Learn English    

Learning English the Natural Way

January 3rd, 2009

If you’re feeling frustrated by all the complex rules of the English language or the mountains of vocabulary words you think you’re supposed to understand, don’t worry.  The truth is that most native English speakers couldn’t explain all those rules to you if they tried, and most of the advanced grammar they learned went out the window after finishing the SAT, ACT or other high school exam.  When you’re trying to learn English, stop worrying so much about the rules and focus on learning the natural way.

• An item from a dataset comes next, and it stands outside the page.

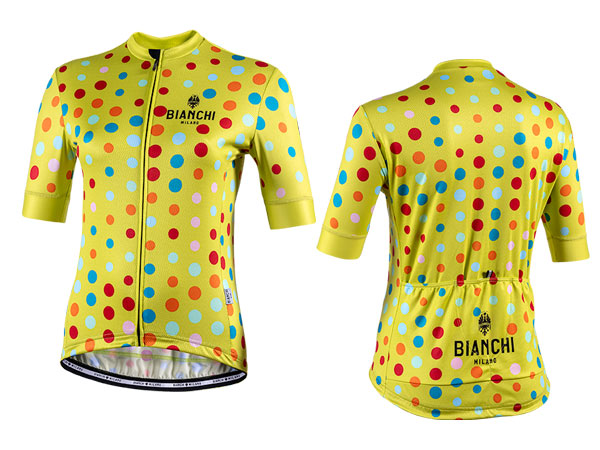 Silis Lady  Short Sleeve Jerseys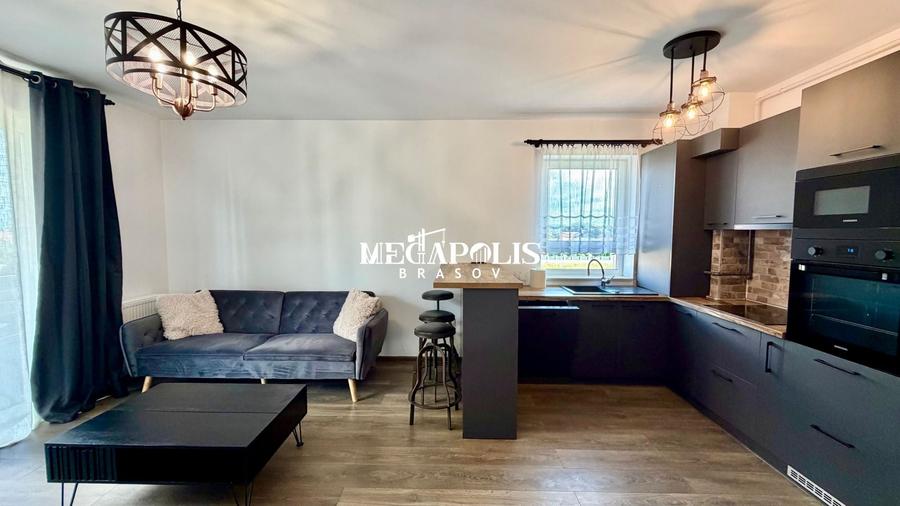 Apartament cu 2 camere semidecomandat în Bartolomeu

What do I mean by the natural way?  Well, think about the way that a small child learns a language.  They don’t sit down with an English language dictionary and start memorizing flash cards as soon as they’re able to speak – instead, they learn naturally through the process of immersion.  The process of immersion involves surrounding yourself completely with the new language until you start to pick up the bits and pieces that will eventually form your comprehension of the language.

There are several benefits to learning by immersion.  Your sentence structure and pronunciations won’t be as stiff and forced as the people who learn English using traditional home study guides, since you’ll be picking up these elements from real native speakers.  In addition, you won’t experience the frustration that many English language students feel trying to work out the language on their own.  Consequently, you’ll be less likely to give up, and more likely to reap the benefits of speaking English.

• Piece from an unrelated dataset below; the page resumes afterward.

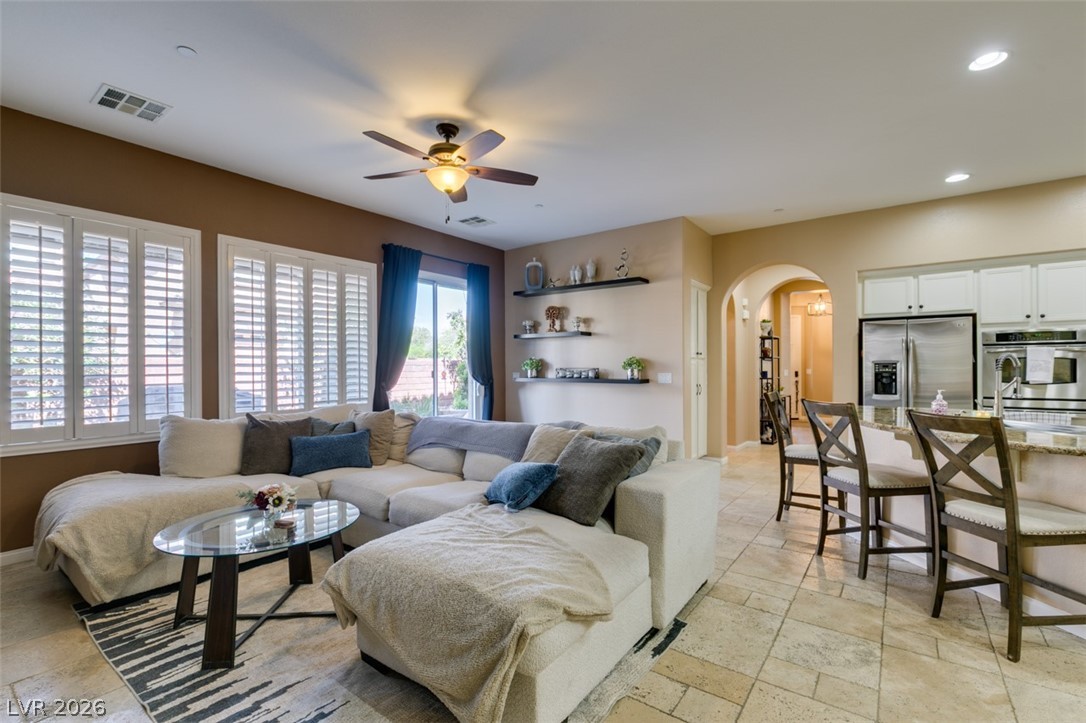 7755 Windy Meadow Avenue Las Vegas NV 89178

But how do you begin to study language naturally?  You don’t need to pack up and go live with a host family like so many college kids do.  Instead, all you need to do is to spend time in public places where people speak English.  Consider the following locations:

Grocery Store – As you do your weekly grocery shopping, try to listen to the conversations going on around you.  In addition to getting a feel for how the language is spoken, you’ll also pick up many helpful words for food and beverage items.
Hair Salon/Barbershop – For some reason, Americans love to talk to the people trimming their hair, so going in for your own haircut can be an educational experience in the number of conversations you’ll hear.
Church/Fitness Centers/Golf Courses – Any of these locations that encourage groups of people to get together can provide you with many opportunities to listen to and participate in conversations on things you already enjoy.  Check online or in your local phonebook for places that interest you.

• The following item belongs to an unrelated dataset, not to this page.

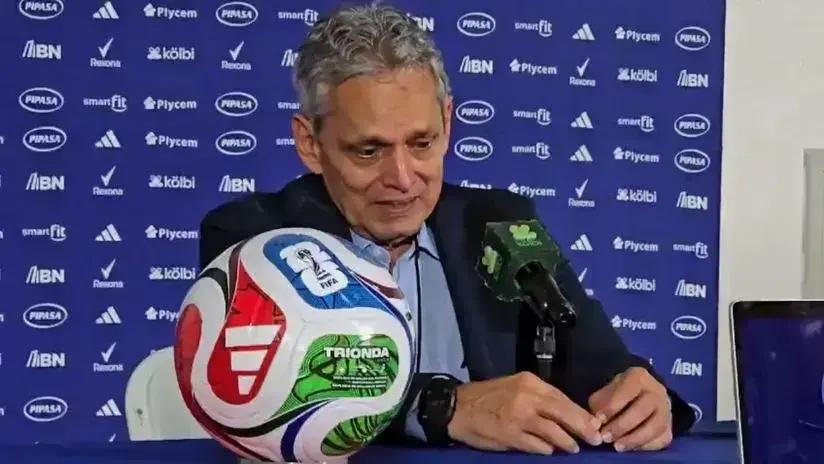 Reinaldo Rueda rompió en llanto por no clasificar a Honduras al Mundial 2026 [VIDEO]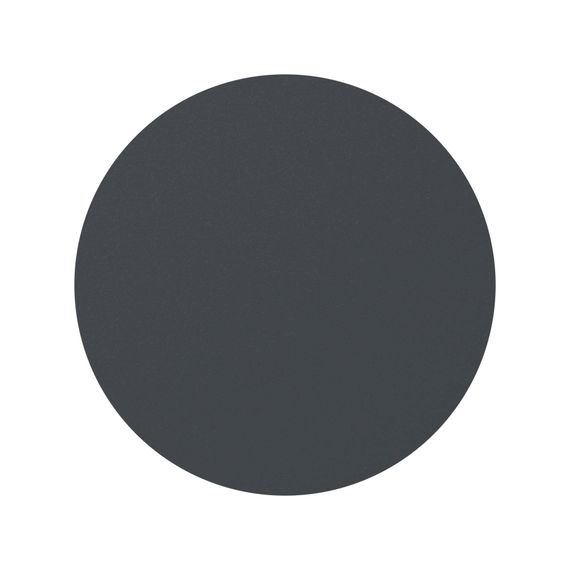 Решетка вентиляционная RVM сетка разъемная на магнитах D170 окрашсталь Gray ERA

If you aren’t yet comfortable conversing with groups of native English speakers, you can also immerse yourself in English language books and magazines.  If you have a favorite book in your native language, pick up an English copy and compare the two.  Read everything you can get your hands on and take notes on words or phrases you don’t understand.  As you look them up, practice speaking them out loud and try to form sentences using the new words.  With time, the process of immersion will improve your comprehension and speaking ability, until you feel fully fluent in the English language.